What is needed is a word-for-word copy of the lines below from the one with "2023 Youth Tour" through the one with "Close-up of a", both included, with every picture left out.

DATA EXCERPTS:
------------------------------------------------------------------------

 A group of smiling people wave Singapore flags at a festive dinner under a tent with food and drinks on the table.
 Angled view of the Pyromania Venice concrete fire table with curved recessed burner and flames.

------------------------------------------------------------------------

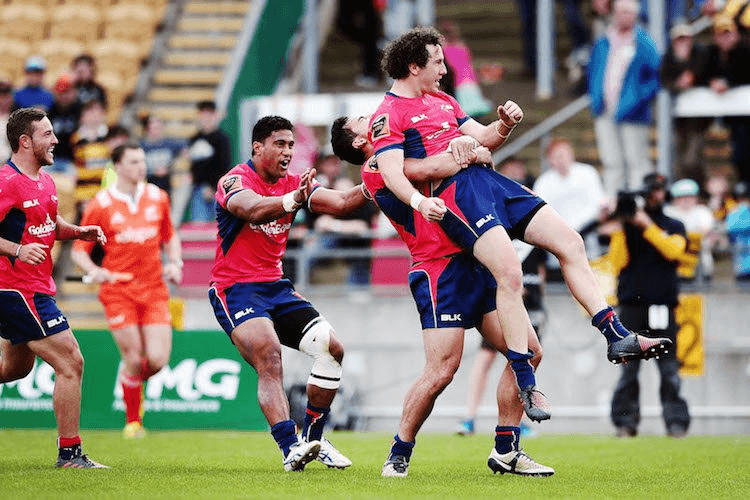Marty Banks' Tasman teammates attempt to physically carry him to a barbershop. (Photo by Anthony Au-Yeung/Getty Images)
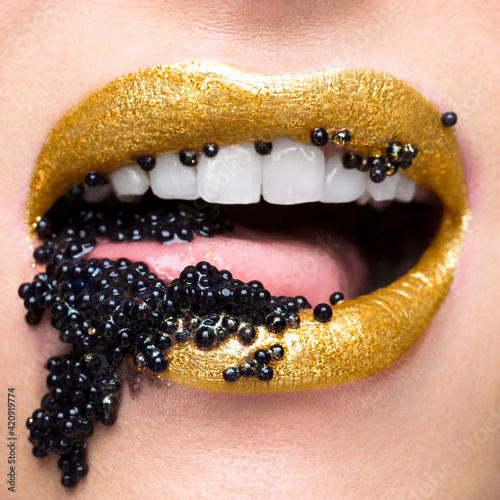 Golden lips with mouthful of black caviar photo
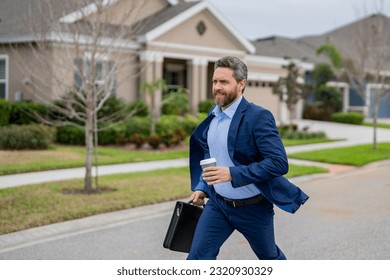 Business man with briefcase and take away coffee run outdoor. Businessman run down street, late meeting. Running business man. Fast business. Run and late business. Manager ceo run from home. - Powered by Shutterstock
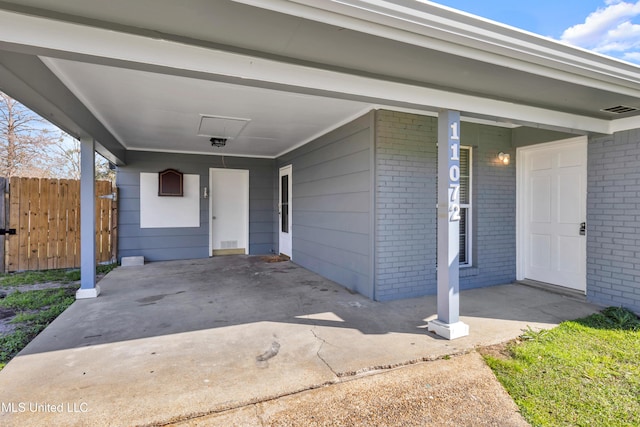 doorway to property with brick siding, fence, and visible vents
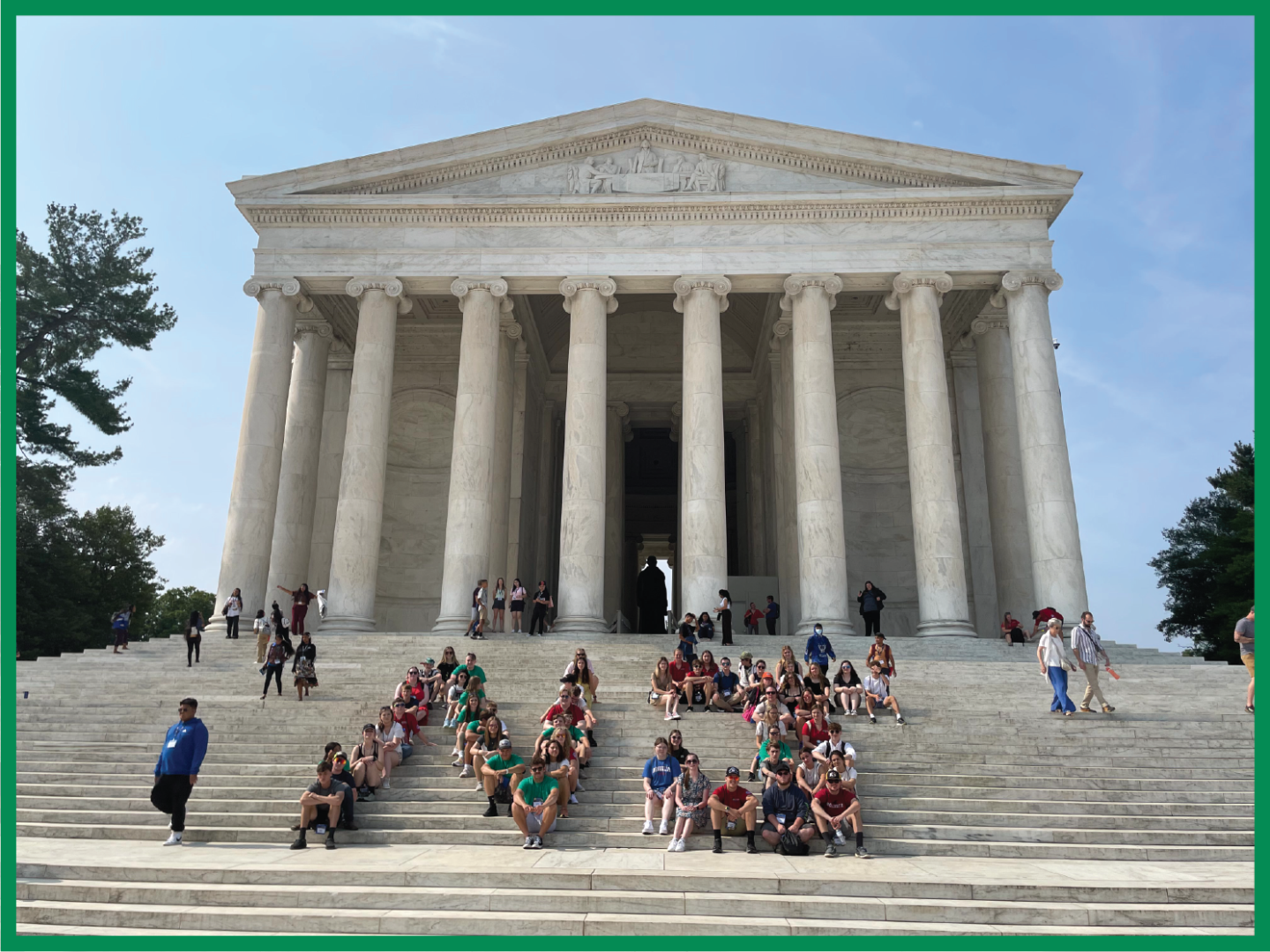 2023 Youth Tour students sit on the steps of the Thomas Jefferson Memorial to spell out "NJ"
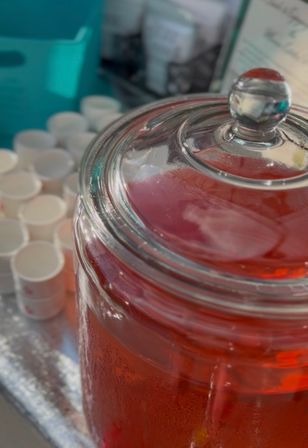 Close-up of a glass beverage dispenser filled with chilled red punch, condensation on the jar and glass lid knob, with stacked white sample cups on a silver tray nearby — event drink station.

------------------------------------------------------------------------

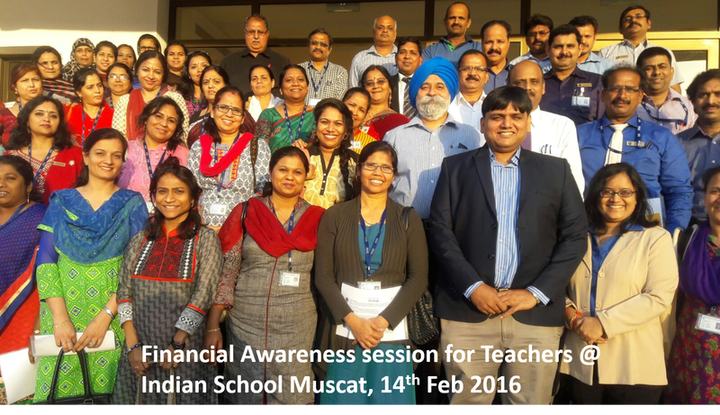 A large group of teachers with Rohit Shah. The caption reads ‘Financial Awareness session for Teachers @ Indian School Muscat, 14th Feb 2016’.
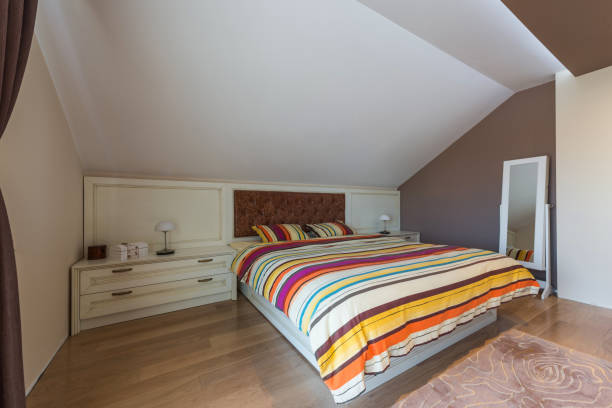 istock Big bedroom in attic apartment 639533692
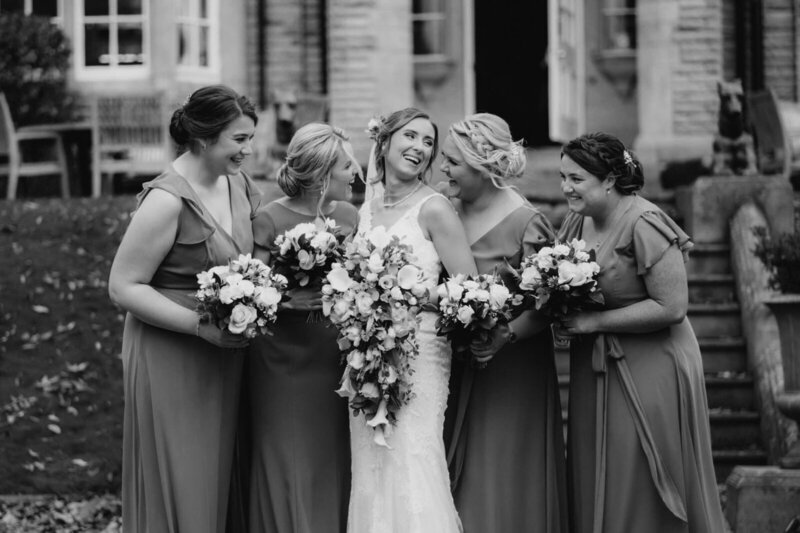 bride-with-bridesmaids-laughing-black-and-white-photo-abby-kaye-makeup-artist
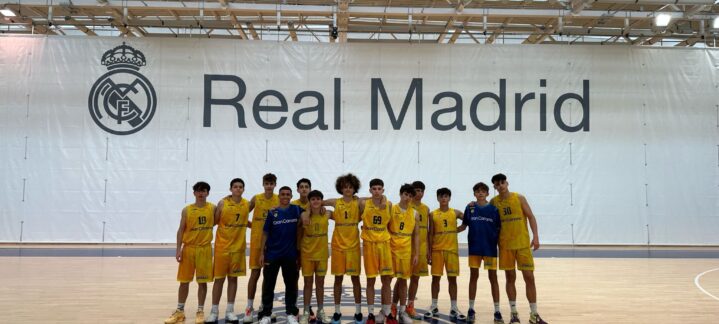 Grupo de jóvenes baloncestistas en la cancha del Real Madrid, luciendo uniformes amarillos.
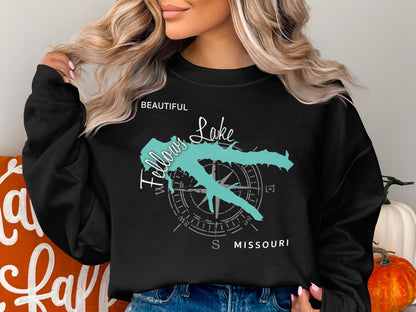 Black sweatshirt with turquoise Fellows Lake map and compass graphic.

------------------------------------------------------------------------

EXERCISE ANSWER:
 2023 Youth Tour students sit on the steps of the Thomas Jefferson Memorial to spell out "NJ"
 Close-up of a glass beverage dispenser filled with chilled red punch, condensation on the jar and glass lid knob, with stacked white sample cups on a silver tray nearby — event drink station.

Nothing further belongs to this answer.